The city walls of Antioch loomed under a pallid sky, their blackened stone stubborn against the hunger and prayer of those outside. Beneath them sprawled filth, corpses, and whispers of deliverance. For eight months, the crusaders had clawed at survival—boiling leather for broth, gnawing on their horses, burying comrades by the moonlight. Every dawn brought hope’s death, and every dusk demanded new faith.
Yet they stayed. Even as dysentery ran with the rivers. Even as Turkish defenders hurled down flaming pitch and taunts. Even when winter iced the Orontes, freezing limbs stiff before morning. Still, the camp knelt. Shivering lips mouthed Psalm 20—“Some trust in chariots, and some in horses, but we trust in the name of the Lord our God.”
Among them stood Raymond of Toulouse, count, pilgrim, and penitent. His fine armor dulled, his flesh hollow. But when he lifted the relic of St. Andrew to the troops, they did not see a noble; they saw a sign. When he prostrated before the relic, they followed suit, mouths stained with ash and bitter snow.
The siege had begun in October of the previous year, 1097. At first, the crusaders advanced with the swagger of destiny, lining their ranks with banners sewn in convents, sewn with tears. But Antioch, jewel of Syria, built by Seleucus and touched by the Apostle Peter himself, would not yield to zeal alone. The city hid within triple walls, towers pulsing with Norman and Armenian blood—the city had danced with empires, and bowed to none easily.
But faith bends stone, and weakness breeds treachery.
Bohemond of Taranto, the cunning southern prince with flame-bright hair and cold-sea eyes, found their miracle in a traitor’s soul. Firuz, an Armenian convert in charge of one of the eastern towers, loathed his Turkish masters more than death, more than gold. One night in early June, he sent word: he would lower a ladder beneath the Tower of the Two Sisters when the lights dimmed.
Bohemond rose the crusader leaders before dark, swearing them to secrecy. That night, as a storm turned the sky to bruise and echo, a company of chosen men climbed the tower’s side like shadowed spiders. Above, Firuz waited, trembling, torn between his God and his betrayal.
They spilled over the ramparts in silence until a single scream cracked the sky. Swords followed. The gates fell. The city lighted with torch and blood.
Every bell in Antioch rang, not for salvation, but for death.
Turkish defenders were butchered in the streets. Civilians rushed to mosques only to find final sanctuary in ash. The crusaders, hungry for food and triumph, let neither muslim nor memory survive. In the citadel, Yaghi-Siyan, the Turkish governor, fled under disguise only to be caught by locals. His head was delivered on a pike the next day.
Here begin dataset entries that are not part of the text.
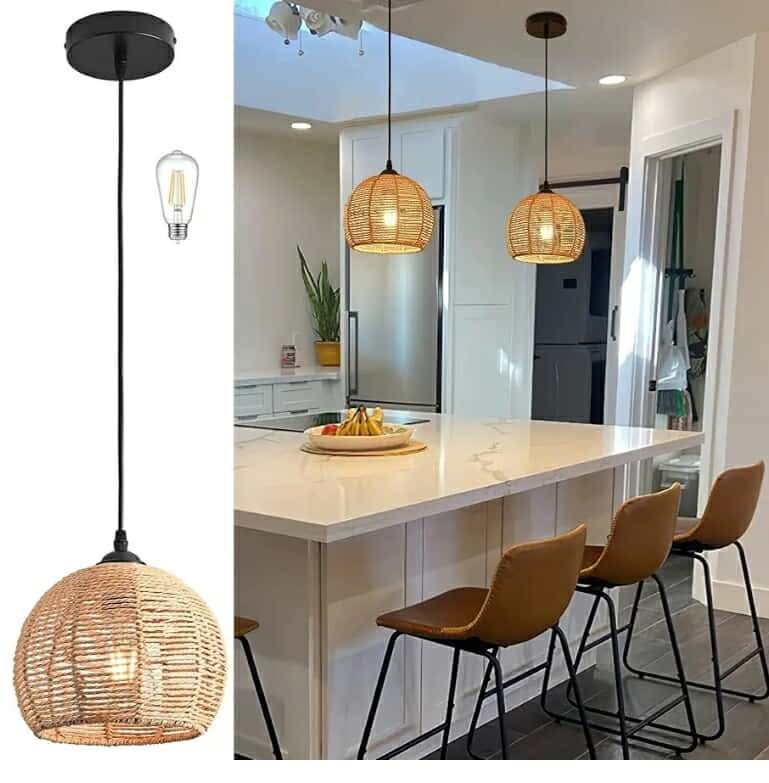 Hemp Rope Woven Pendant Light Woven Light Fixture Boho Chandelier Light Fixture Wicker Pendant Light Rattan Light Pendant Dome Wicker Chandelier for Bedroom Kitchen Island (Bulb Incl.)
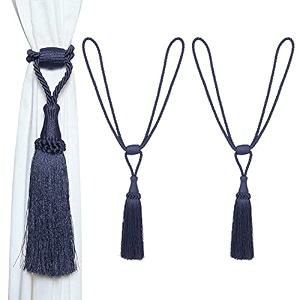 2 pack curtain tiebacks handmade elegant curtain tie backs holdbacks with tassel polyester curtain tieback for home office hotel decor - blue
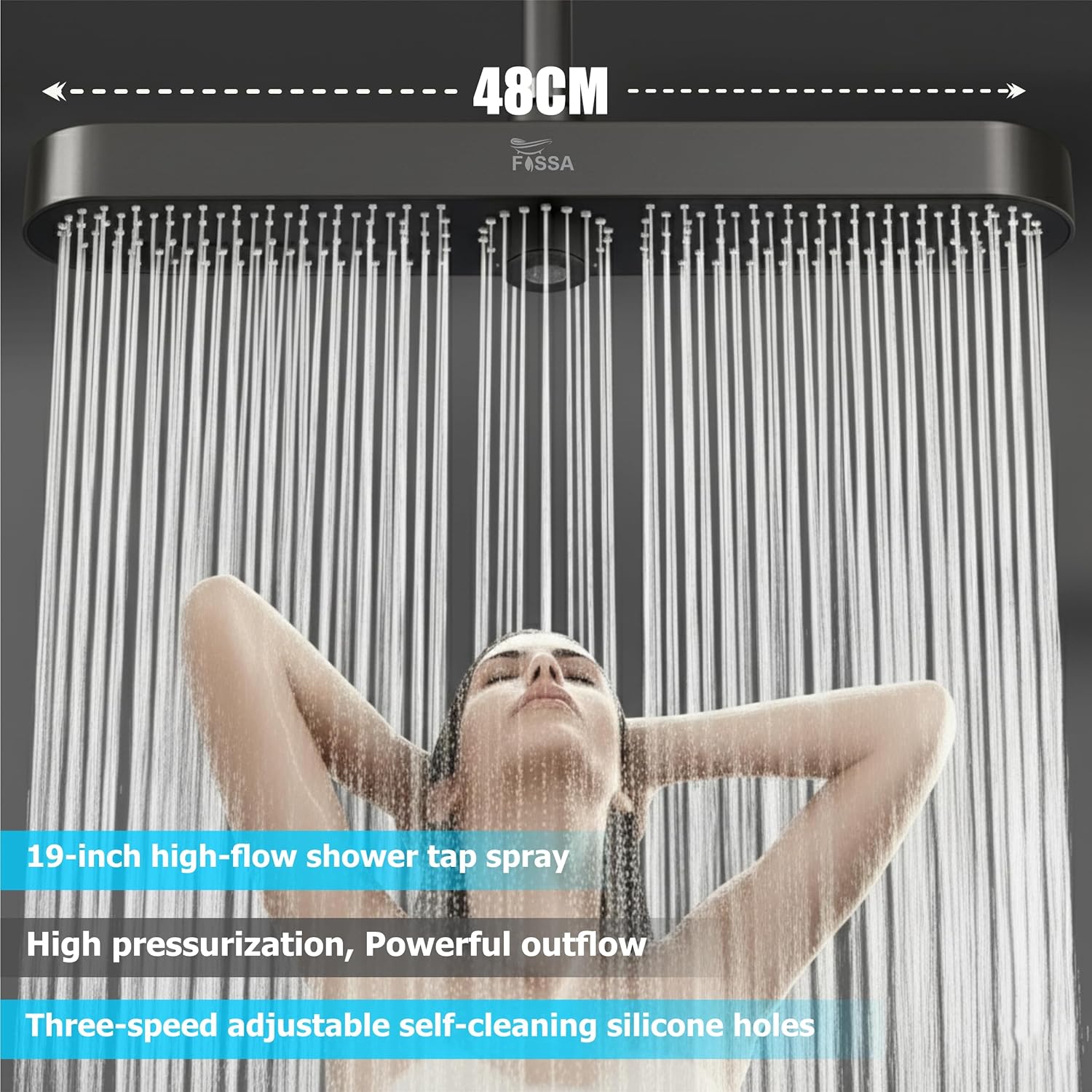 Fossa Helios ABS Shower Head 48cm, Luxury Rainfall Overhead Shower for Bathroom, 3 Water Flow Modes, High Pressure Air Boost, 360° Rotation, Self-Cleaning Silicone Nozzles, Durable Black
Antioch had been won—by steel veiled in prayer.
But jubilation soured with the news that a massive Muslim army, led by Kerbogha of Mosul, marched swiftly to retake the stolen jewel. Trapped now inside rather than out, the crusaders turned not to siegecraft but to visions.
In the days that followed, a Provençal soldier named Peter Bartholomew claimed a dream: the Holy Lance, the very spear that had pierced Christ’s side on Calvary (John 19:34), lay buried under the floor of St. Peter’s Cathedral within the city. Exhaustion clouded judgment. Or perhaps it sharpened holy hearing.
They dug for hours. Nothing. Then, struck steel.
He held it aloft as a relic—rusted still, broken perhaps, but nothing could shake their belief. The crusaders marched out with it days later, charging an army five times their strength. Miraculously, or perhaps madly, they won. Kerbogha's alliance fractured mid-battle, and his men scattered before faith forged into fury.
Still, long after the banners flew over Antioch’s towers, questions remained. Was the Lance real, or a forged symbol to stir dying hope? Bartholomew’s later death under ordeal, burned and mutilated, would suggest divine silence.
The city would house the crusaders for months. Bohemond claimed it as his own, though sworn to the pilgrimage to Jerusalem. Many balked, but ambition had found its throne. Feasting filled the halls. Churches were reconsecrated. Yet the stones remembered—blood had soaked into mortar and would not forget.
Psalm 20 sung in victory had not prevented vengeance, nor sanctified slaughter. And yet, many within the Church would take this moment to look again at what faith could demand—and destroy.
Antioch remains, its citadel watching the Orontes like a half-blind sentinel. Fractured towers whisper legends to passing winds. Tourists ask where Peter first preached, where Firuz betrayed, where the Lance was lifted.
And the stones do not answer.
A holy city was won that day. But the cost stitched sorrow beside glory. In the violence of men who trusted in more than chariots—or perhaps far too much in them—came a warning that echoed louder than any triumph: God may use flawed hands, but He judges the heart.
And even the holiest stones still bleed.